Henny Porten in Das alte Gesetz
German postcard by Ross Verlag, no. 663/3. Photo: Hans Natge, Berlin / Comedia Film. Publicity still of Henny Porten in Das alte Gesetz (E.A. Dupont, 1923).

He recognises God's mercy in the performance of his son 


In Das alte Gesetz/The Ancient Law (E.A. Dupont, 1923), Ernst Deutsch plays the mid-19th century rabbi's son Baruch Mayer, who decides to break with the family tradition. Against his orthodox father's will, he leaves his shtetl in Galicia to become an actor.

Baruch joins a small wandering burlesque company. The Austrian archduchess Elisabeth Theresia (Henny Porten) discovers him there and becomes enarmoured with him. Secretly in love with him, she provides him an engagement at the Burgtheater, the most important theatre in Vienna.

Baruch receives a contract at the Burgtheater and soon manages to become a celebrated star. More and more he becomes an assimilated jew, but his relation with the grand-duchess isn't approved by the Austrian court, so they have to end it.

His father Rabbi Mayer (Avrom Morewski) is appalled by this life and rejects his son, but when he witnesses a performance of his son as Don Carlos, he is so impressed by his talent, he recognises God's mercy in this and pardons his son.

Baruch returns to his eastern European shtetl where he grew up and where his sweetheart from his youth (Margarete Schlegel) has waited for him all the time...

With its complex portrayal of orthodoxy and emancipation, Ewald André Dupont's period film marks a highpoint of Jewish filmmaking in Germany, according to film historians.

Das alte Gesetz was scripted by Paul Reno. The story precedes the similar plot of the more famous American sound film The Jazz Singer (Alan Crossland, 1927) with Al Jolson, which was made just a few years after,

Cinematography of Das alte Gesetz was done by Thomas Spahrkuhl and the sets were designed by Alfred Junge, and executed by Curt Kahle, while the costumes were designed by Ali Hubert.

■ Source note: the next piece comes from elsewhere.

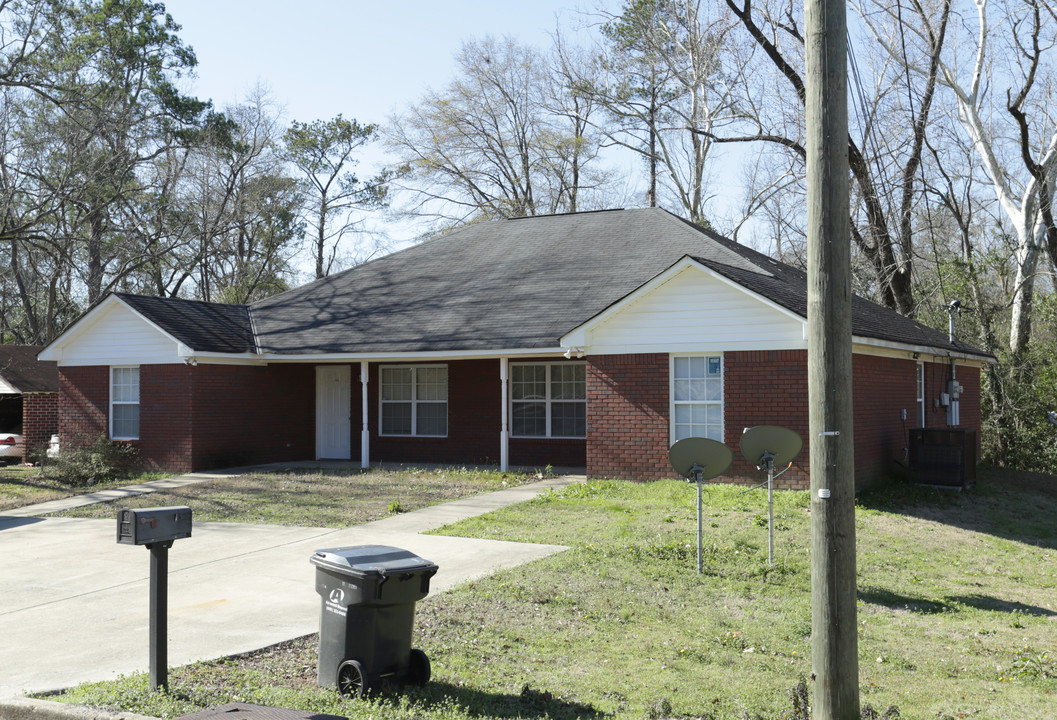 1711 18th Ave in Phenix City, AL - Building Photo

The film premiered in Berlin on 29 October 1923. The German press praised the film: "Dupont manages to visualise these two so different worlds, the ghetto milieu, which is separated from the outer world by a sheer insurmountable wall, and this world itself; the Vienna of the 1860's, led by the rhythms of Strauss' valzer and epitomized by the Burgtheater as artistic summit." (Film-Kurier, no. 244, 30 October 1923)

Various prints of the films existed, which were quite different from each other and not always respected the original. The Deutsche Kinemathek recently did a full restoration and the restored, 135 minutes long version of the film was shown with live accompaniment on 16 February 2018 at the Friedrichstadt - Palast at the Berlinale 2018. Three days later it was showed on Arte TV.

Henny Porten in Das alte Gesetz
German postcard by Ross Verlag, no. 663/4. Photo: Hans Natge, Berlin / Comedia Film. Publicity still of Henny Porten in Das alte Gesetz (E.A. Dupont, 1923).

Henny Porten in Das alte Gesetz
German postcard by Ross Verlag, no. 663/5. Photo: Hans Natge, Berlin / Comedia Film. Publicity still of Henny Porten in Das alte Gesetz (E.A. Dupont, 1923).

Henny Porten in Das alte Gesetz
German postcard by Ross Verlag, no. 663/6. Photo: Hans Natge, Berlin / Comedia Film. Publicity still of Henny Porten in Das alte Gesetz (E.A. Dupont, 1923).